Friday, July 28, 2017

A Spiritual Neediness That Annuls Human Neediness

Blessed are the needy of spirit, for the healing presence of God is within their grasp.
ALICE was there in our midst, another anonymous figure at a community kitchen event. I hadn’t even noticed her. Then I was called into a room with her and two other people to minister with and pray for her. Alice was experiencing something very familiar to many of us. She was despairingly fearful, bereft of hope, utterly broken of spirit, shaken by grief. Her mother had died recently, her rock, a son was being imprisoned, and her family was imploding around her. She bore these burdens alone it seemed, and though she faced suicidal ideations daily she sat awkwardly poised and unable to act, thankfully because of those very burdens of family she carried.
But, here is the point: she was remarkably receptive and spiritually amenable.

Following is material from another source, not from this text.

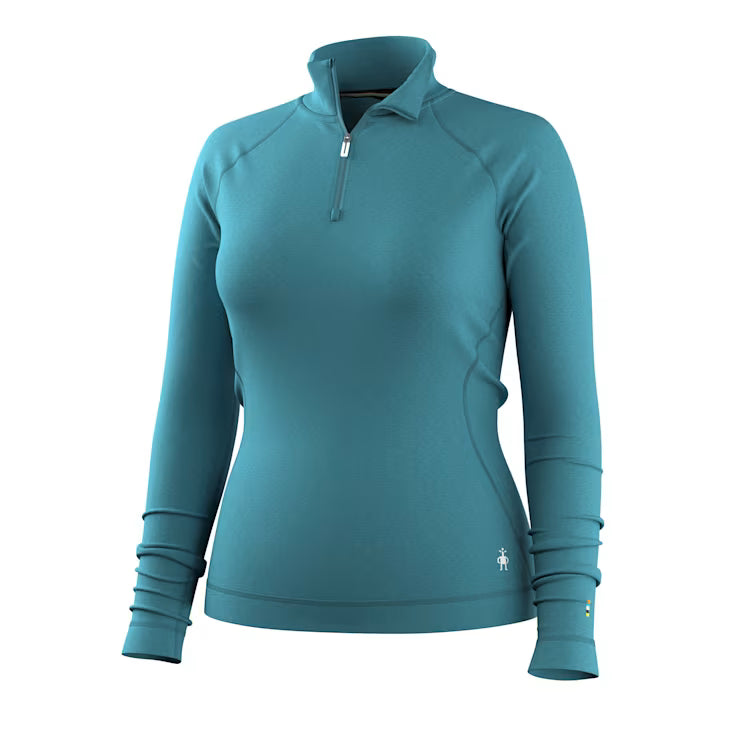 Smartwool Women's Classic Thermal Merino Base Layer 1/4 Zip - Image 2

Nobody thanks God for the pain that incises the chest of the soul, leaving the heart bare, but ministers of the Word thank the Holy Spirit for His unction that manifests such eternality of opportunity. Many people are never this vulnerable, ever.

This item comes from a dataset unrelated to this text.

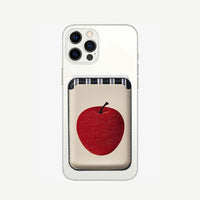Black Cat & Apple MagSafe Card Holder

Alice was open. Situations like this create a sense of the fear of the Lord. Openness is vulnerability and vulnerable people are susceptible to exploitation, which is a failure no minister worth their calling wants to make. In that moment, we utter a prayer of protection for them as we breathe a prayer for guidance for ourselves. Courage and awareness is what we need. God supplies at our surrender to be present to serve.
As she shared, she wept. The moment, as we might imagine, was palpable. God is at work in moments where the emotions overflow between strangers. As she wept, I allowed my emotions to match hers. We listened and waited on her. It was obvious her surrender was perfectly anointed because she had nothing left of her own ego to fight. We prayed and counselled her, and when she had regained her poise we tended to her practical needs.

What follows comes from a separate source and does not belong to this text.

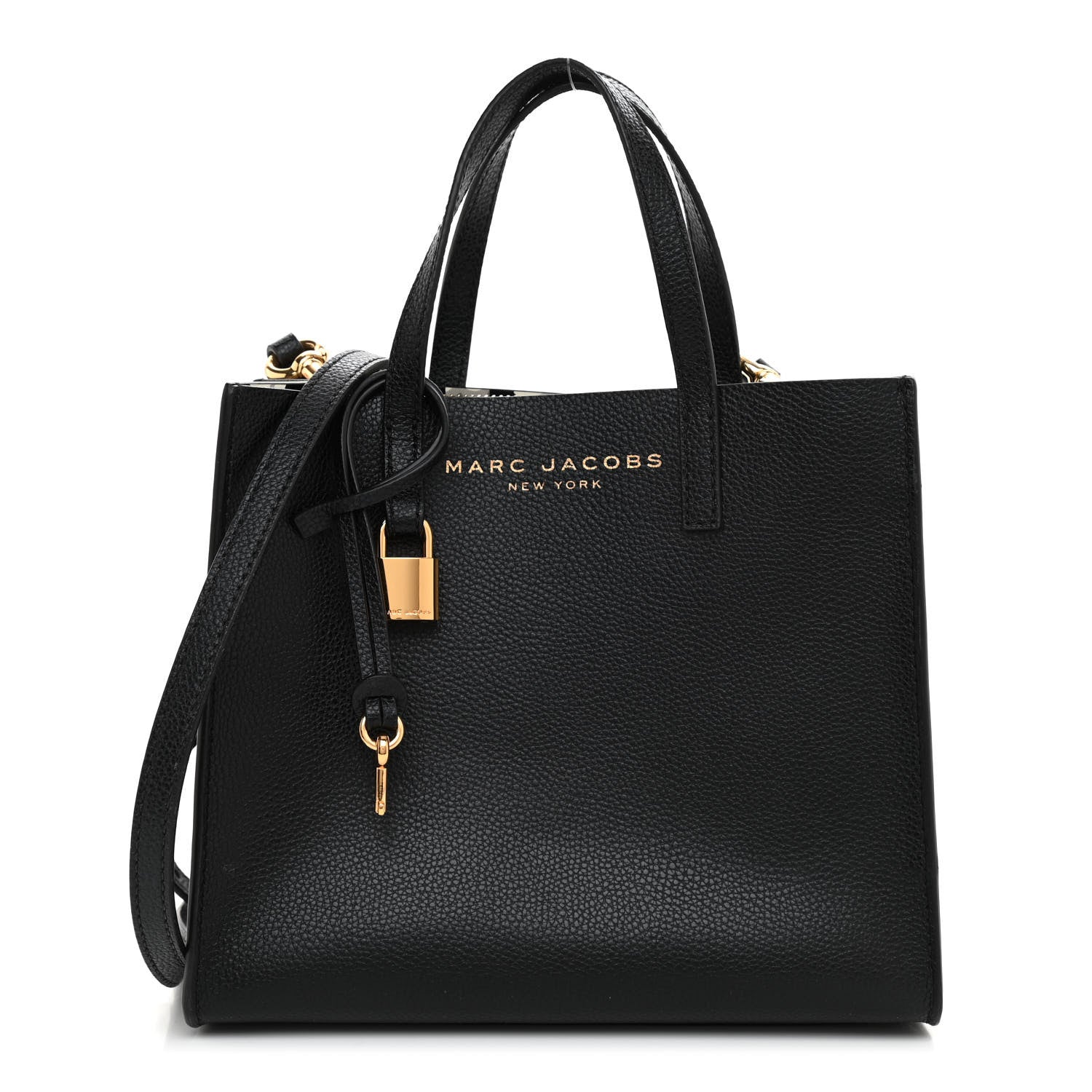 Marc Jacobs Calfskin Mini Grid Tote Bag Black 1 of 8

Then she left. For weeks following, as the Lord brought her to mind, I’d pray for Alice.
God showed me something through our interaction with Alice. It coalesces with the quote:
“The gospel is not simply about meeting people’s needs. The gospel is a critique of our needs, an attempt to give us needs worth having.”
— William Willimon
The needs worth having are those desires that are so purified of vision that they see just one source for fulfilment: Jesus. I believe Alice, as we encountered her, exemplified something of a craving that sought Jesus knowing only Jesus could satisfy. Her neediness was a pure kind, unlike the kind of human neediness that craves impure things or pure things through impure means or through poor self-control.
Where there is a genuine spiritual neediness, human neediness becomes redundant.
*Alice is not her real name.
*Some details in Alice’s story have been altered to protect her privacy, but there is no exaggeration.